◆ **WHAT YOU HAVE TO DO**
The following data has a line with "West Lucaya Village 19" and a line with "Chocolade vorm 3". Write out exactly those lines and all the lines between them.

------ MATERIALS PROVIDED ------

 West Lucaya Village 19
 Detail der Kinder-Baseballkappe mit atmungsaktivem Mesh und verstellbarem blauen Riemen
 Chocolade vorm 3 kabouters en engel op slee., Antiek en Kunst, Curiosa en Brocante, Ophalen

------
------ MATERIALS PROVIDED ------

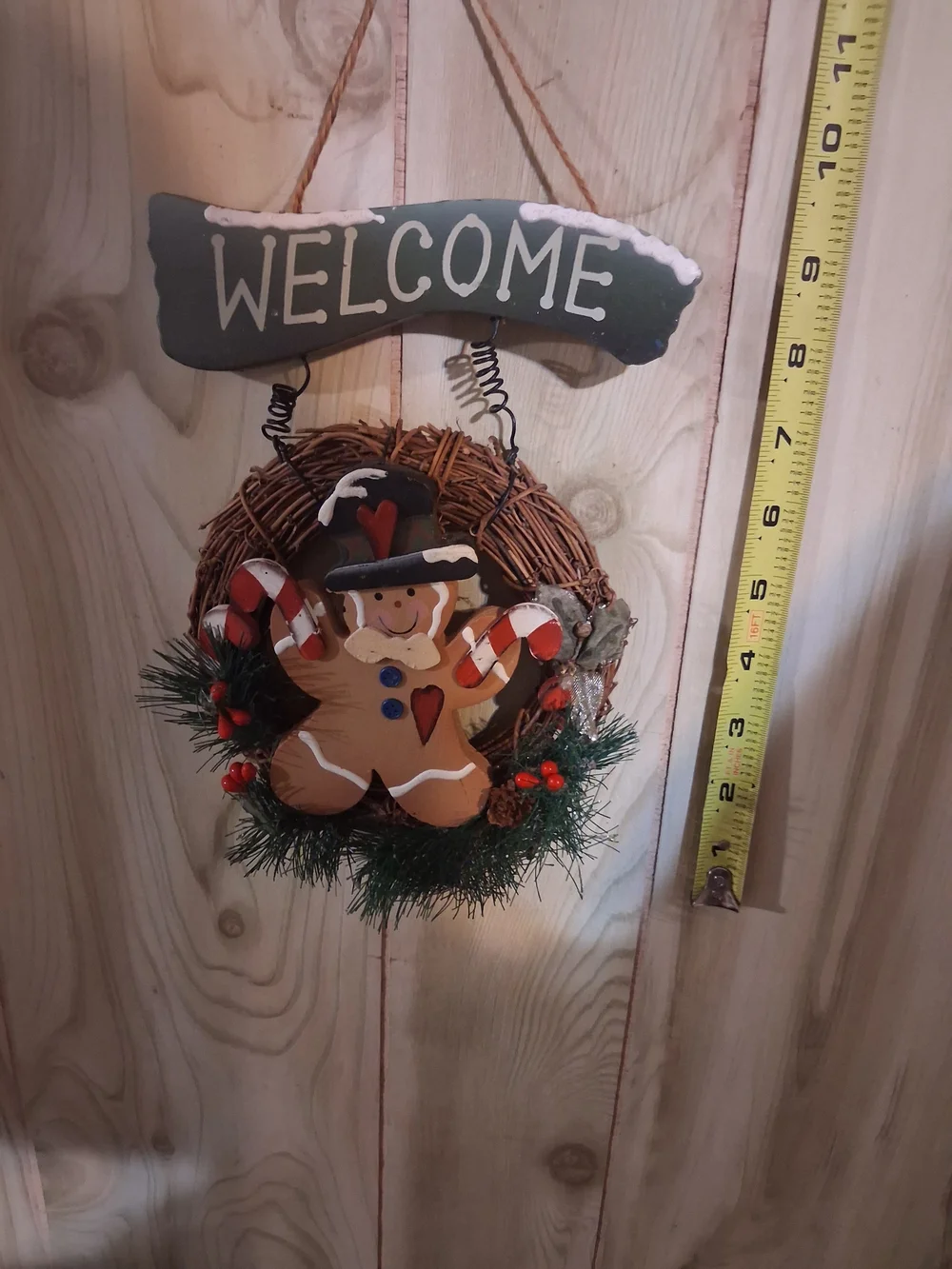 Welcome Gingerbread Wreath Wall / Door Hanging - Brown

------

◆ **RESULT FOR THIS EXERCISE**
 West Lucaya Village 19
 Detail der Kinder-Baseballkappe mit atmungsaktivem Mesh und verstellbarem blauen Riemen
 Chocolade vorm 3 kabouters en engel op slee., Antiek en Kunst, Curiosa en Brocante, Ophalen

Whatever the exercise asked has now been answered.